Se il Vietnam insidia il riso made in Italy

di Gianfranco Quaglia

Ci mancava il Vietnam. E’ l’ultimo atto di un serie di incursioni che minacciano il nostro riso. Hanoi ha ratificato l’accordo di libero scambio con l’Unione Europea che dal primo agosto consentirà di esportare nell’Ue 80 mila tonnellate di riso esente da dazio: 30 mila di riso lavorato, 20 mila semigreggio, 30 mila di riso profumato. Gli operatori vietnamiti non prevedono un grande impatto sulle esportazioni a causa del volume considerato esiguo e anche perché – sempre secondo il loro parere – quel prodotto non soddisferebbe i requisiti di qualità dell’Ue. Ma se così fosse viene da chiedersi perché il governo vietnamita abbia insistito così tanto per arrivare a questo accordo. Non a caso i risicoltori europei hanno espresso preoccupazione per la minaccia che rappresenta per la produzione locale, in una fase in cui la tendenza agli arrivi di riso tipo japonica (quindi cereale analogo a quello coltivato in Italia) è esponenziale. Qualche numero: dal primo settembre 2019 al 7 giugno di quest’anno dal Myanmar le importazioni di riso semigreggio sono aumentate del 406 per cento; il lavorato del 99 per cento. 

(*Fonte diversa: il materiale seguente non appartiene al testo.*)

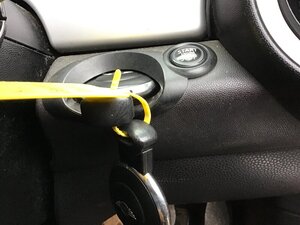 Mini Hatch 1.6 Cooper 3dr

Paolo Dellarole, presidente Coldiretti Vercelli e Biella con delega alla risicoltura: “E’ già cambiata la situazione per il mercato italiano rispetto al periodo del lockdown dove avevamo visto una corsa agli acquisti. Ora stiamo notando purtroppo anche un aumento delle importazioni, è sempre pià urgente valorizzare e tutelare il nostro riso anche attraverso l’etichettatura”.

Per fortuna c’è qualche nota positiva. Dopo la firma dell’accordo con Pechino le autorità fitosanitarie cinesi hanno trasmesso al nostro Ministero i documenti relativi al protocollo bilaterale per poter iniziare a esportare riso da risotto in Cina. Un passo significatico che potrebbe aprire un nuovo sbocco per i risicoltori italiani.